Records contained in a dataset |
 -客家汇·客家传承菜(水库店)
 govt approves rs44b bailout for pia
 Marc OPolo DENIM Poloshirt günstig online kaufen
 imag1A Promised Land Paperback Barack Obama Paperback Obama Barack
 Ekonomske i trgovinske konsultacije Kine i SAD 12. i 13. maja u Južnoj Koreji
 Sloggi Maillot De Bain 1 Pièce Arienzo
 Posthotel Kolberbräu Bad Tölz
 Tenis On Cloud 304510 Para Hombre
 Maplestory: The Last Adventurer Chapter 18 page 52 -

...

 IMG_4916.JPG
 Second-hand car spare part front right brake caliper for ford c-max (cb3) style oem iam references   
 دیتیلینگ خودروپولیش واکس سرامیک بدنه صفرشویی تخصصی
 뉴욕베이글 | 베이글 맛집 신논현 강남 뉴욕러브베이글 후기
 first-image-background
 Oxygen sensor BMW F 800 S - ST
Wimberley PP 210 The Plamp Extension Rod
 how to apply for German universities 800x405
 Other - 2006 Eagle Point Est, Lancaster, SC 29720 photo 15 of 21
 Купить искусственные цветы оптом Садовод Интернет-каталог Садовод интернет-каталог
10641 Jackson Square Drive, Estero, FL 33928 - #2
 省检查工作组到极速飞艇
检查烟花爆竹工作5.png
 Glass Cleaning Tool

WHAT YOU NEED TO DO | When you reach the line with "Sloggi Maillot De Bain 1 Pièce Arienzo" in the records above, start writing out lines exactly, and stop once the line with "Maplestory: The Last" has been written; include nothing else.

THE COMPLETED TASK |
 Sloggi Maillot De Bain 1 Pièce Arienzo
 Posthotel Kolberbräu Bad Tölz
 Tenis On Cloud 304510 Para Hombre
 Maplestory: The Last Adventurer Chapter 18 page 52 -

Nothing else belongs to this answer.